For Example while executing and running up a cobol db2 program we need to submit mutilpe jcl, so need to bring all those sub-jcl under my main jcl, so that i need to submit only one jcl and compilation and execution are done.
main jcl
- - -
- - -
jcl1 jcl2 jcl3
Constaints: I can't update the jcl1, jcl2 and jcl3.
JOBLIB or STEPLIB is a list of libraries which contain executables, i.e. programs. They do not contain jobs, i.e. JCLs.
There is no such thing as a sub-JCL from an operating point of view. Each job is a separte set of JCL statements, which may be stored as member of JCL libraries, or they may be generated by a program.

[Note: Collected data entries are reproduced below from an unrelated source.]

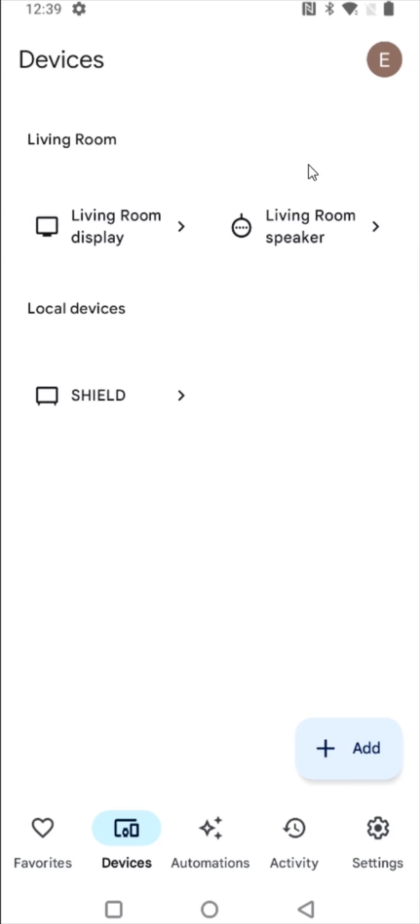And after it removes the device it's going to take us back to our list of devices and we can see that that tile for that device is no longer here because it has been officially removed.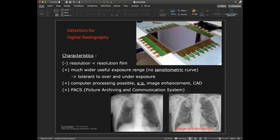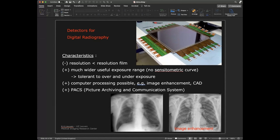Currently, digital detectors are increasingly used instead of phosphor screens — silicon-based chips where X-rays interact with the detector and generate electrons locally, similar to a CCD camera but sensitive to X-rays. The advantages are that this is digital, smaller, and much more controllable.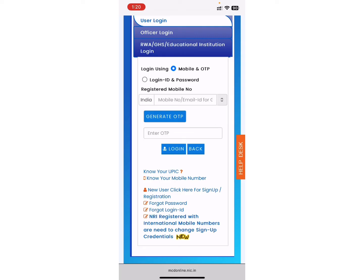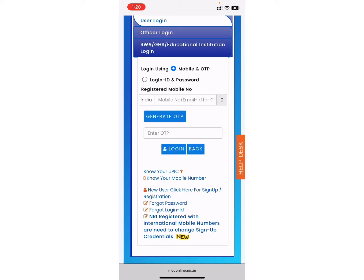Once you have filled in all the information, click on the Login option and that's it. In this very simple and easy step, you can login to your account. I hope this video helped you. Don't forget to drop a like and subscribe to my channel. Thank you for watching.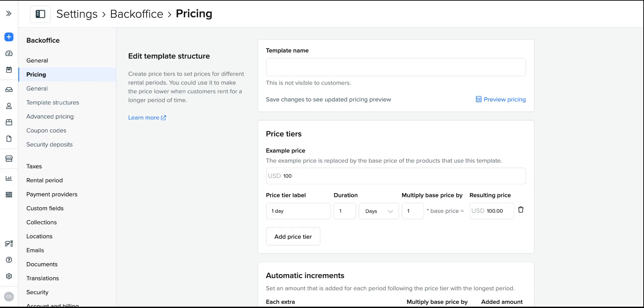A pricing structure is how Bookable allows you to offer your customers discounts for the longer they book. You can build one out in your products directly, called a one-off pricing structure, but this can get really time consuming to create for each of your products if the percentage of how your prices increase apply for multiple products or even your entire inventory.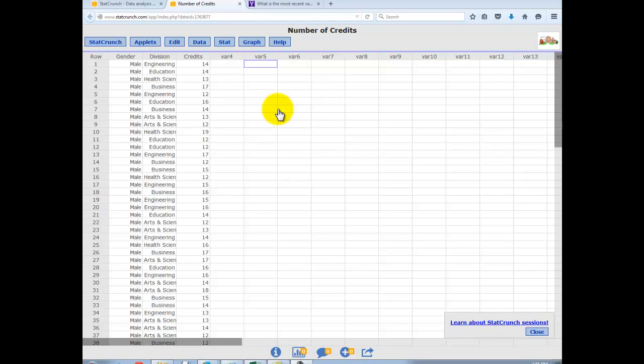We are once again going to use the data number of credits. In this video, I'm going to show you how to make side-by-side box plots.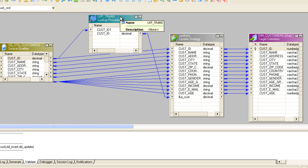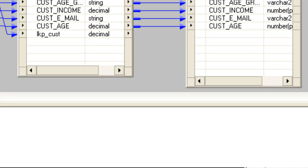I hope you've understood how SCD type 1 works. If you have any queries, please let me know. In the next tutorial, we'll cover SCD type 2. Thank you very much for watching the tutorial.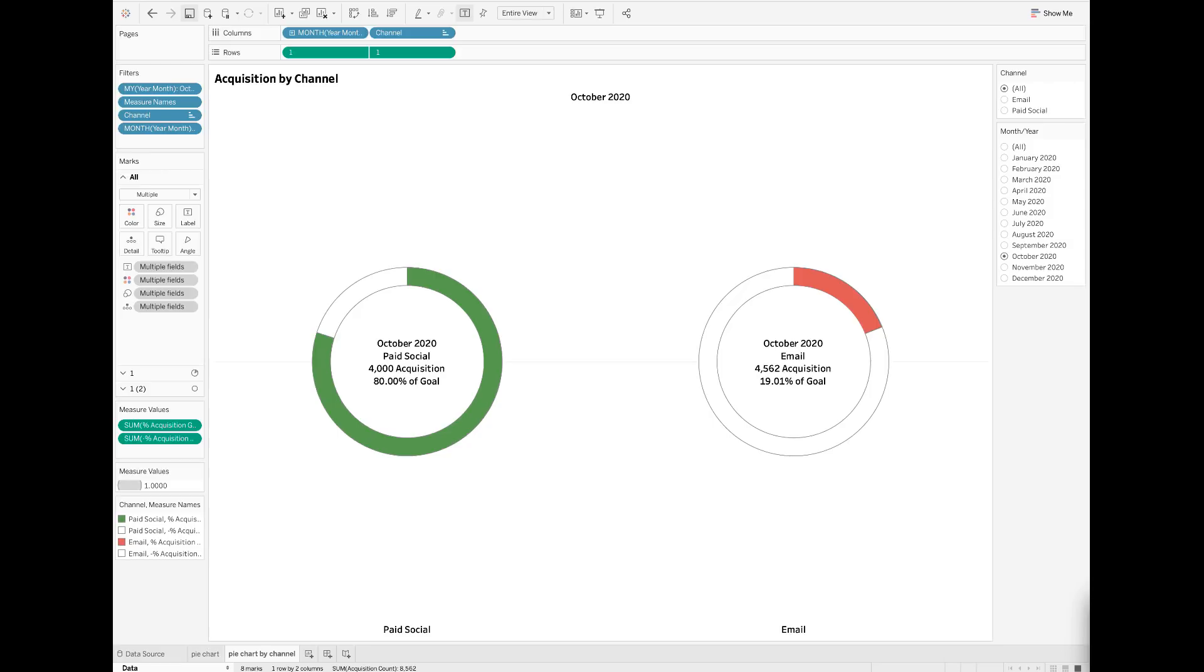Hello everyone, welcome back to my channel. In one of my previous videos, I talked about pie charts and donut charts in Tableau. Pie charts and donut charts are useful to visualize the share or percentage of total metrics.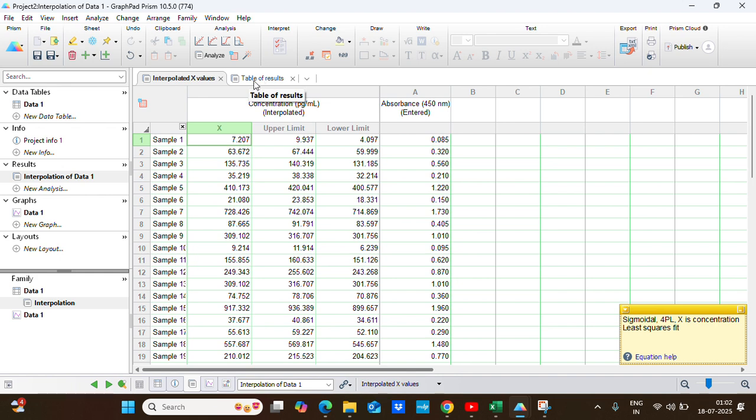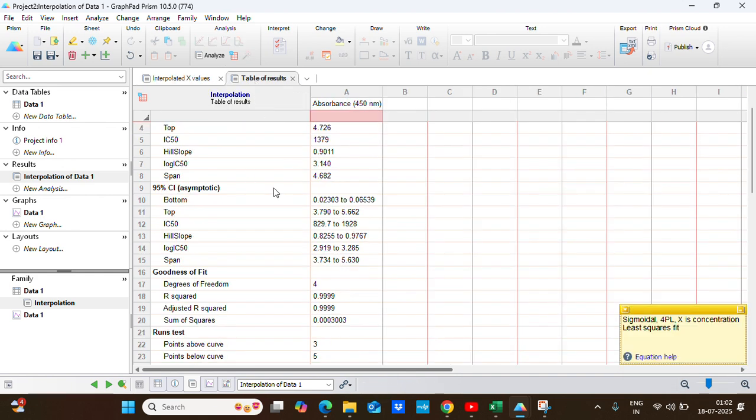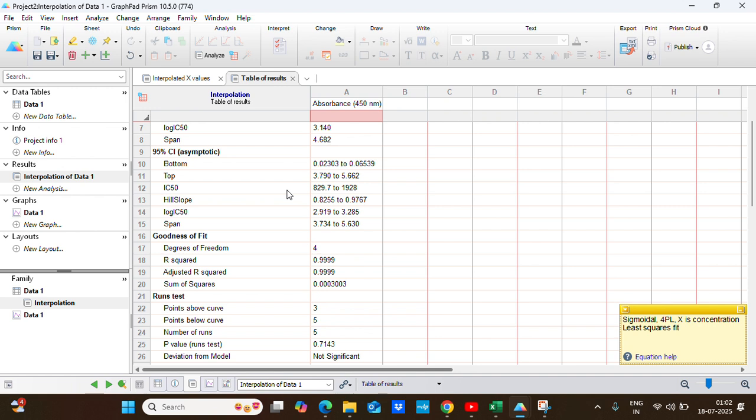The next sheet is the table of results where we are most interested in seeing how our model is fitting to this data. We will go under the goodness of fit where we will see the R squared value. Here our R squared value is 0.9999. As we know, if R squared value is near to one, that model fits best for that set of data.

If your COBOL program needs to decide when and which job to submit, it needs to know the library and member for each job. It can then read the member from the library and write the records to an INTRDR data set. The JCL for the COBOL program could, e.g. contian DD statements for each of the three jobs and a single INTRDR DD to submit the jobs.
//jobname JOB ....
...
//stepname EXEC PGM=your-cobol-pgm
//...
//JOB1 DD DISP=SHR,DSN=your.jcl.lib(JOB1)
//JOB2 DD DISP=SHR,DSN=your.jcl.lib(JOB2)
//JOB3 DD DISP=SHR,DSN=your.jcl.lib(JOB3)
//SUBMIT DD SYSOUT=(A,INTRDR)
...
I'm not a COBOL programmer, so I won't try to give example code. In the COBOL code, you declare files for each of the jobs, i.e. JOB1, JOB2, and JOB3, and one for the INTRDR, i.e. SUBMIT (Note the DD name SUBMIT was arbitrarily chosen; it can be almost any name you want).
When it is time to submit job 1, you open files JOB1, and SUBMIT, then read each record from JOB1 and immediately write it to SUBMIT. Finally, you close both files, and by closing SUBMIT you're telling JES to process the job.